Here in is the root of the problem. If we don't have a good model in the code, things are hard to understand and debug (i.e. remove problems). As more things are added to the program things get worse. When you add a new recipe to the mix, throwing it in anywhere seems fine if there is no clear place to put it, making it less and less clear what piece of code belongs to which task.
What's worse is in real code we have plenty of more things to confuse us. Frequently the worst code will not only be poorly organize, but we also be poorly labeled as in our itemB and itemD example. We'll have a piece that says MakeItemC, but what in the world is that. I guess we have to look at the recipe in MakeItemC to find out. Hmmm. It's compromised of Step1, Step3, Step4, and PtOvn. Oops. Turns out itemC was a quiche. Had they labeled it MakeQuiche we would have known never to look here, as the quiche doesn't have enough salt if anything! Now we've just wasted our time following what should have been an obvious dead end if the code was user-friendly.
Unfortunately this can be quite bad, and quite easy for software companies to not understand this.
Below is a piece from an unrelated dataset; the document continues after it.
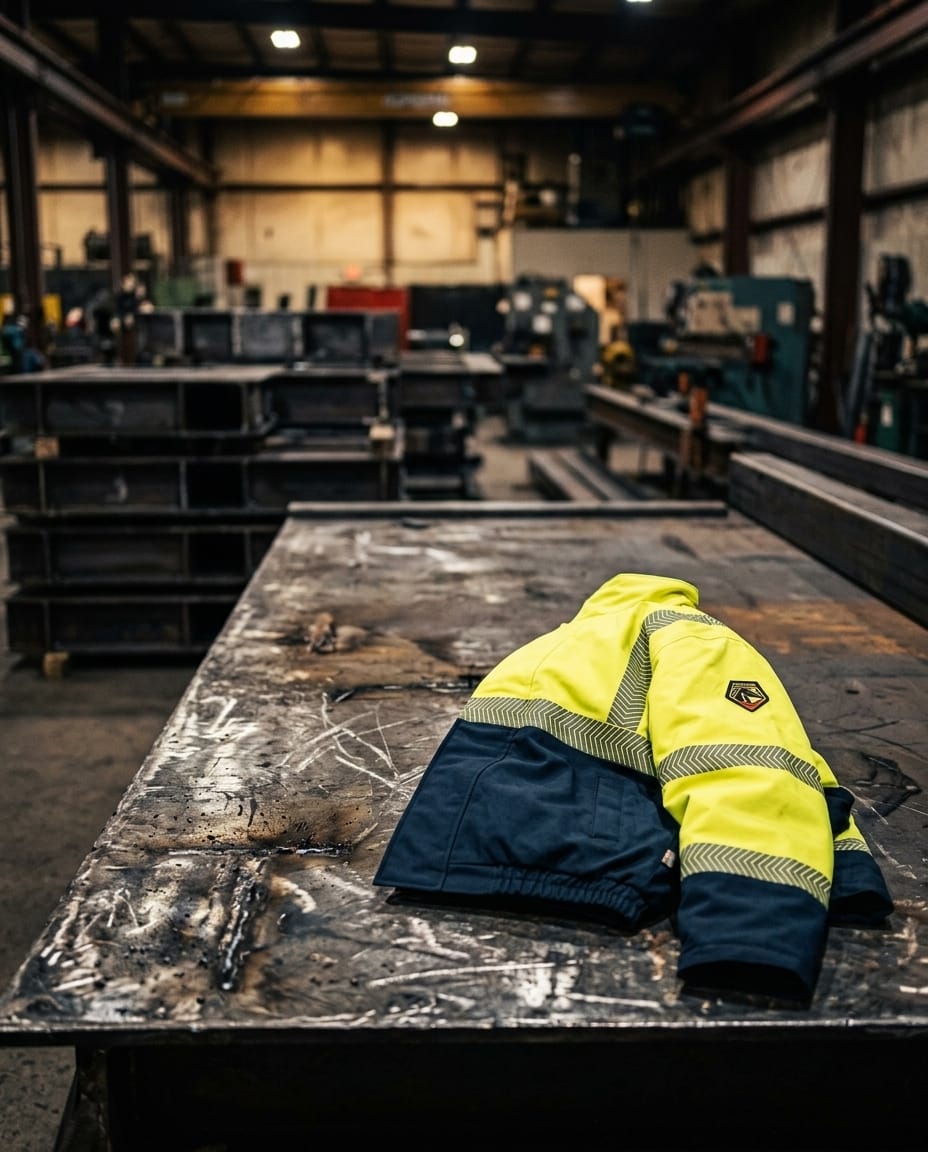 Black Stallion high visibility jacket on a metal workbench in a factory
It is easy to miss because at first your source code is too small to be misunderstood. Plus there is only one guy writing the code, so as long as he understands it things are good. But this early failure to keep things in check, and to have a clear plan of how the source code should be organized quickly balloons. Suddenly they are getting successful, and hiring more developers. Now they have 20 who are all writing things their own way, and nothing quite matches up. That's fine as long as we keep them on their own projects.
Oh no! Now some people are leaving. How can we get to the bottom of their code? And now we're up to 500 programmers, and we need to get everyone up to speed in a couple weeks. How are we ever going to manage that? If only we had kept things organized at the beginning but now it's too late. Let's just try to keep things organized from here on out, and minimize changes to that old garbage. It's been running all these years anyway. I'm sure no more bugs will pop up, right?
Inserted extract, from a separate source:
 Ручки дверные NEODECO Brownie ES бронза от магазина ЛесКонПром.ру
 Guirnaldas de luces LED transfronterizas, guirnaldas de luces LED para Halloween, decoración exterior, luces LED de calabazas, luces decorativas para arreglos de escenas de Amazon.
Open source code can have a potential advantage in this area because the code is much more of an asset. Programmers don't have to work on open source projects if they don't want to. So if the code is a jumbled disorganized mess, they will take one look at it, grimace, and wish the maintainer luck before trying to find a project that looks more manageable. I know the few times I've dug into the source code of an open source project it took me only a few minutes to get up to speed, whereas at work it can take the better part of a day or month. Even then I often only understand things well enough to fix it with some assurance I didn't make things worse.
If businesses thought about it, they would realize that taking the time to design their code well is money well spent. I'm not going to say it takes little effort up front to make this happen, as the effort is certainly significant. Especially as things grow it may be necessary to completely reorganize core concepts in order to keep things orderly and understandable. But it will save thousands of hours down the road. Less time will be spent bringing new programmers up to speed as they can quickly be told the rough flow of the source code. And it will be
accurate! They won't constantly have to learn something completely different for each piece of code they touch, but just enough to locate the problem and fix it.
Just as when software is user-friendly, it provides a better experience for the user, when source code is coder-friendly, it provides a better experience for the programmer. It allows them to take less time to make fixes and add new features, all with reduced chance of introducing bugs. And that is something that benefits everyone.